Les pieds dans le plat




pour m'écrire














































hier demain
Jeudi 4 octobre 2001

J'ai résolument aucun tact dans les relations humaines. Non, aucun. Le tact, c'est le sens du toucher : savoir toucher là où ça fait mal quand on veut être percutant, ou là où ça titille si on veut être séduisant, savoir caresser en trouvant le bon sens du poil, ou encore savoir évaluer les silences et tous les gestes infra-signifiants dont le sens ne s'inscrit pas simplement dans la parole orale. Non, je n'ai rien de tout cela.

Hier, au lycée, je suis tombée sur une ancienne formatrice de l'Ecole des Profs que je n'avais pas vue depuis deux ans. Je ne la reconnaissais pas. Je me suis écriée, la bouche en coeur : "oh, vous avez changé de coiffure !" J'ai vu son visage se fermer et ses yeux se baisser tristement : "c'est que j'ai eu une grave maladie... le changement de coiffure, ce n'était pas volontaire..." Et mince ! Comment n'avais-je pas vu qu'elle avait très certainement une perruque ? Comment n'avais-je pas pensé que celle-ci avait pu être exigée bien plus par la chimiothérapie que par la mode ?

L'autre fois, je parlais avec un type que je connaissais vaguement devant la machine à café. "Je prends toujours deux sucres dans mon café ou dans mon thé. Je ne comprends pas ces filles qui font éternellement des régimes et qui n'ont jamais un seul sucre chez elles, alors que moi j'en suis une très grosse consommatrice...", disais-je à mon interlocuteur, sur le pur ton naïf de la conversation badine. J'ai vu alors le visage de mon camarade devenir soudain grave et abattu et un grand et pesant silence s'est installé entre nous. C'est là que je me suis aperçue que mon collègue avait de gros problèmes de poids et que je me suis rappelée qu'il le vivait très mal. Comment avais-je pu parader devant lui avec ma taille de guêpe et mes déclarations pro-caloriques ?

Bien sûr, on pourra dire qu'il vaut mieux dire aux gens la vérité. Après tout, c'était bien vrai que la perruque de la prof était vraiment pas bien belle et que le sucre dans le thé, c'est drôlement indispensable. Seulement le principe majeur de l'établissement des relations humaines n'est pas fondé sur la vérité. La vérité et la sincérité passent bien loin après sur la liste des exigences qui unissent des personnes entre elles. Chacun a en lui des défauts ou des problèmes qu'il préfère cacher ou même qu'il se cache à lui-même : la dernière chose qu'il veuille, c'est qu'un autre que lui vienne lui rappeler. Cela signifie que ses problèmes non seulement sont présents en lui, mais en plus sont pleinement visibles aux yeux d'autrui. Et le regard d'autrui, quoi qu'on en dise, est bien ce qui constitue en majeure partie le regard que l'on porte sur soi-même. Ainsi, moi, je n'aime pas entendre qu'on me dise, même en toute innocence, que j'ai un méchant bouton sur le nez ou que mon chemisier est tout froissé. Mais, le pire, ce sont les remarques qui touchent à ma personnalité même. Entendre un "oh, tu es si discrète que je ne t'avais pas vue !" me fait bien plus mal encore que "oh, tu as un bouton sur le nez !", parce que ma timidité m'appartient bien plus que mon bouton sur le nez et que je la déteste bien plus que ce dernier car elle m'empêche de faire bien plus de choses que le plus horrible des furoncles. C'est pour cela que de telles remarques, même si elles paraissent anodines, il vaut mieux les garder pour soi : elles font mal, très mal même, parce qu'elles touchent à une profondeur de soi que l'on souhaiterait plutôt dissimuler.
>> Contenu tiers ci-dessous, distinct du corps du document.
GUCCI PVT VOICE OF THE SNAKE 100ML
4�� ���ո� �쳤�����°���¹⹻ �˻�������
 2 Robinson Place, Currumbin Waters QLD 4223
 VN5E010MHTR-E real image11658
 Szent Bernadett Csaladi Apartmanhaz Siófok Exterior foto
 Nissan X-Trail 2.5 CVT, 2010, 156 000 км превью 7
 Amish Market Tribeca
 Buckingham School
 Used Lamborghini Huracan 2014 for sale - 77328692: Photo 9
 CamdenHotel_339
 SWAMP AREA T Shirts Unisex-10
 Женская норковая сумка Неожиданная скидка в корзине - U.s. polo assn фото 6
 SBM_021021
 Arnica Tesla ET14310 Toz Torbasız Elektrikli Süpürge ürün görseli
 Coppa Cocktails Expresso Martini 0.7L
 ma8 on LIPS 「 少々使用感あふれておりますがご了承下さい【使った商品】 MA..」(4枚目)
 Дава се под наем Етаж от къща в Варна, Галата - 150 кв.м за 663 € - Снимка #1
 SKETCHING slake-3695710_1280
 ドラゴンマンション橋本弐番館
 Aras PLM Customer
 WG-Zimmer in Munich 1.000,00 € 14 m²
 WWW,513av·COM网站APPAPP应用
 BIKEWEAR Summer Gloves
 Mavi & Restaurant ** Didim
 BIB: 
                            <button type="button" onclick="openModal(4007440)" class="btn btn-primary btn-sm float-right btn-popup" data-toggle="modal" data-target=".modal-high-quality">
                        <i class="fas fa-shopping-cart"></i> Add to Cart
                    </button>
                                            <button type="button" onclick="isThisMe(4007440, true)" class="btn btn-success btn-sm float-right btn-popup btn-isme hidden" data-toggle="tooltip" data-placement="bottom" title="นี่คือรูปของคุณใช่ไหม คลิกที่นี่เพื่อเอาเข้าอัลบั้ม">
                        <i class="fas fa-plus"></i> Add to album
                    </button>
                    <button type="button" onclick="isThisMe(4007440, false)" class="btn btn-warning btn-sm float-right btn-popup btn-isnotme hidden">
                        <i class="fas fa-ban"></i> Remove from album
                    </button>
Voilà donc ce qui me manque : ce petit sens, proprement humain et un brin mondain, qui aide à repérer ce qu'il ne faut pas dire et qui souffle à l'oreille ce qu'il faut annoncer. Art délicat et précieux qui fait que toute relation humaine est en équilibre sur un fil, mais qui permet, quand on le possède, de rester toujours solidement accroché dans les airs. Je ne sais pas comment on apprend cet art. Il n'a rien de théorique. Tout se passe dans les regards et les non-dits, dans l'espace intermédiaire entre la parole et le silence. J'aimerais savoir me mouvoir dans un tel espace si étroit... pour enfin ne pas mettre les pieds dans le plat.